[[ MATERIAL FOR THE TASK, beginning ]]

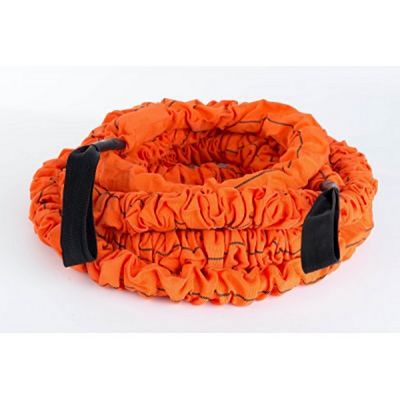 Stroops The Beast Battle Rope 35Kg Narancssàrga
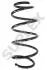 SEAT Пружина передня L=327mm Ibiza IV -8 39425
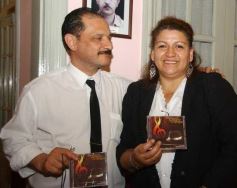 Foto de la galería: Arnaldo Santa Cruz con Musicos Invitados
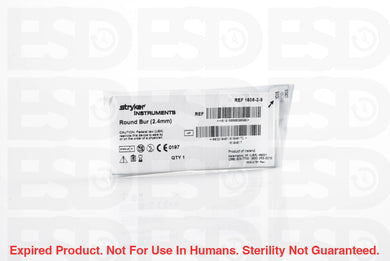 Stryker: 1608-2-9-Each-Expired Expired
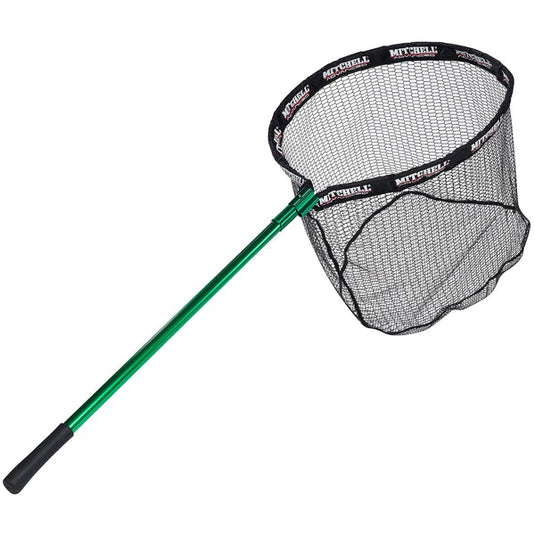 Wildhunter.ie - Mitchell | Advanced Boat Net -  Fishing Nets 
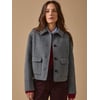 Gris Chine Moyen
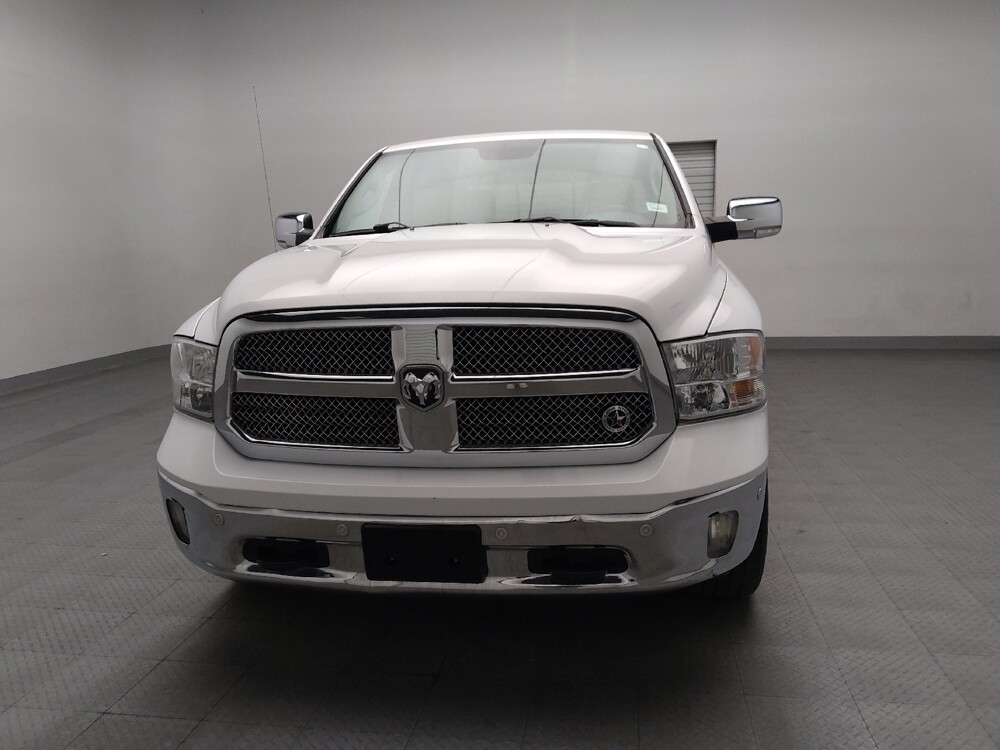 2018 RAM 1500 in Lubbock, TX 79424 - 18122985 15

[[ MATERIAL FOR THE TASK, end ]]
[[ MATERIAL FOR THE TASK, beginning ]]

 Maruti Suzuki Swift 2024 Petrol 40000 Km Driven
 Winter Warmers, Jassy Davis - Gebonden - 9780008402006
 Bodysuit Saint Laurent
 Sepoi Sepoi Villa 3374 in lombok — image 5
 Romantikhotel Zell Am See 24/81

[[ MATERIAL FOR THE TASK, end ]]
[[ MATERIAL FOR THE TASK, beginning ]]

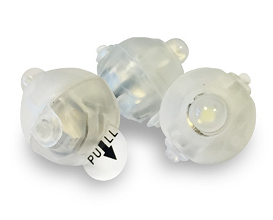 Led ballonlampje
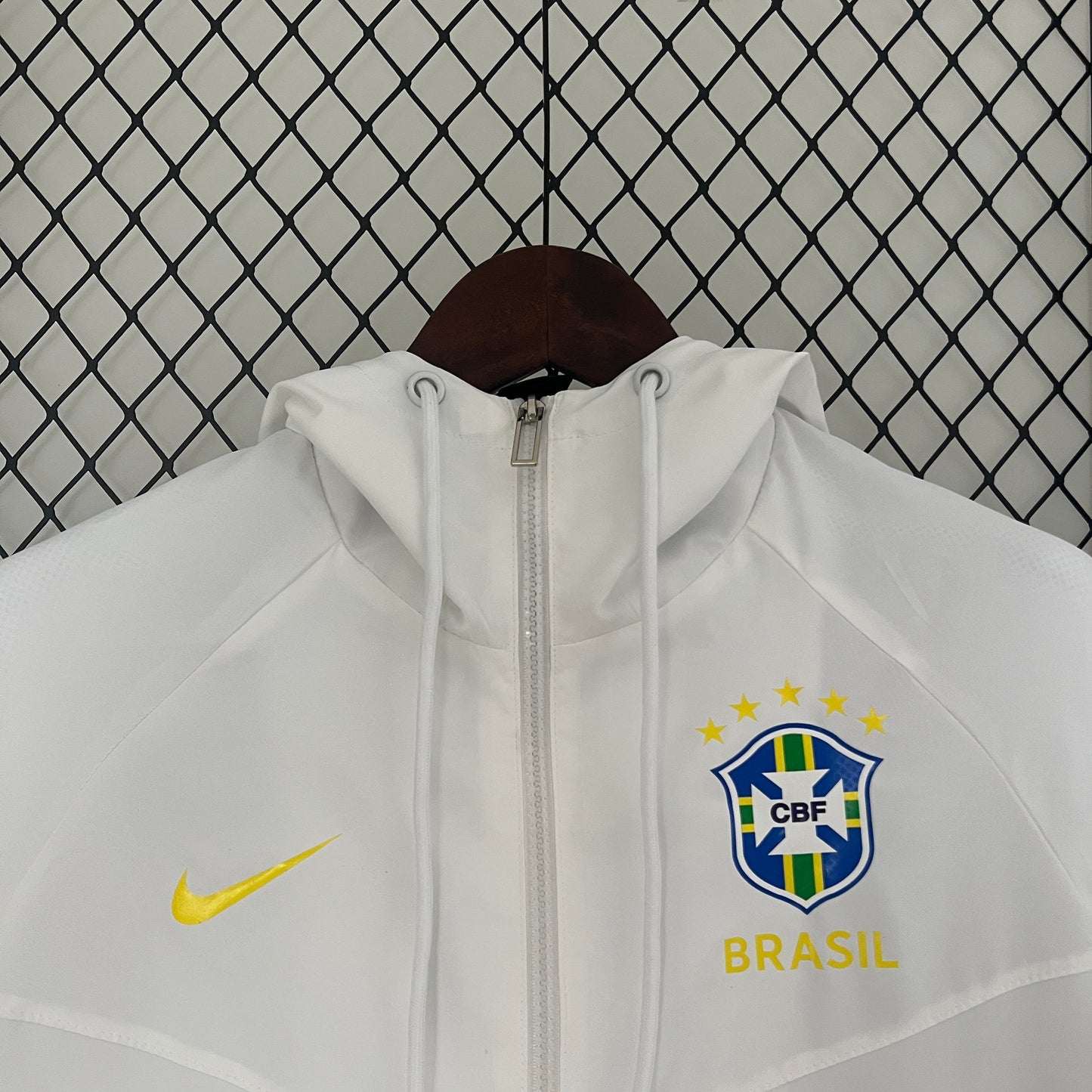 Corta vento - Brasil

[[ MATERIAL FOR THE TASK, end ]]

EXERCISE DESCRIPTION:
Above this instruction are the records; retype exactly the lines from the one containing "Sepoi Sepoi Villa 3374 in lombok — image 5" up to and including the one containing "Romantikhotel Zell Am See 24/81".

EXERCISE OUTPUT:
 Sepoi Sepoi Villa 3374 in lombok — image 5
 Romantikhotel Zell Am See 24/81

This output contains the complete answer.